Photocredit acknowledgment: Akosua Asamoabea Ampofo

Professor: Institute of African Studies, University of Ghana

AKOSUA
Adomako Ampofo

Adomako Ampofo is Professor of African and Gender Studies at the Institute of African Studies, University of Ghana (UG). In 2005 she became the foundation Director of the University of Ghana’s Centre for Gender Studies and Advocacy, and from 2010-2015 she was the Director of the Institute of African Studies.  She is the immediate past President of the African Studies Association of Africa; an honorary Professor at the Centre for African Studies at the University of Birmingham; a Fellow of the Ghana Academy of Arts and Sciences; and the 2023-2024 Wangari Maathai Visiting Professor at the University of Kassel.

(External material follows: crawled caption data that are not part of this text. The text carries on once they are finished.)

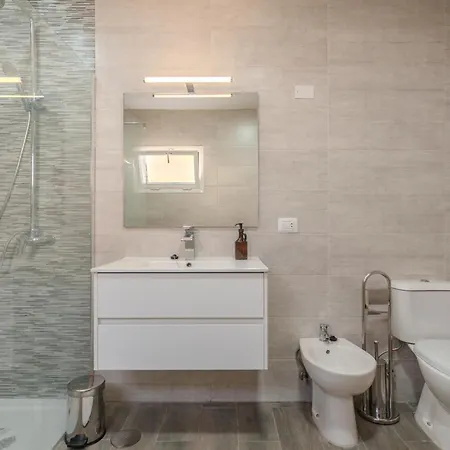 Vinidum Climated Pool,jacuzzi,movietheather Willa Arona (Tenerife)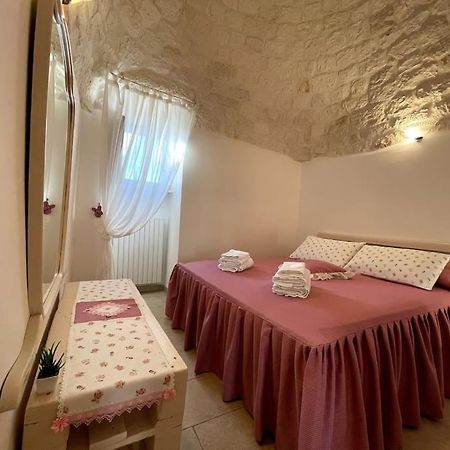 Valle D'Itria Trullo Sovrano Sul Monte Cisternino Bagian luar foto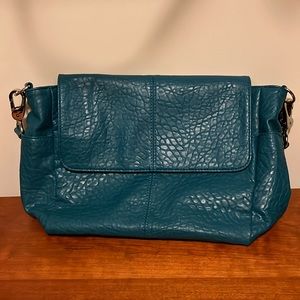 Teal handbag with magnetic close NWOT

Adomako Ampofo considers herself an activist scholar, and at the heart of her work are questions of identity and power—within families, institutions, political and religious spaces, and the knowledge industry.

Her areas of interest include African Knowledge systems; Higher education; Race and Identity Politics; Gender relations; Masculinities; and Popular Culture. In her current work on black masculinities, she explores the shifting nature of identities among young men in Africa and the diaspora. Earlier work on masculinities has explored the ways in which the discourse of “men of God” (i.e religious leaders) becomes a meta knowledge and (re)defines femininity.  Her most recent book, co-edited with Josephine Beoku-Betts, is titled Producing Inclusive Feminist Knowledge: Positionalities and Discourses in the Global South (Bingley: Emerald Publishing 2021). She co-produced the documentary When Women Speak with Kate Skinner (and directed by Aseye Tamakloe, 2022) as part of a project titled, an “Archive of Activism: Gender and Public History in Postcolonial Ghana”. The project seeks to create a publicly accessible archive of gender activism and “political women”.

Recent Publications

Adomako Ampofo, Akosua. 2023. “Social Justice and Community Studies: Scholar Activist Intersectional Approaches”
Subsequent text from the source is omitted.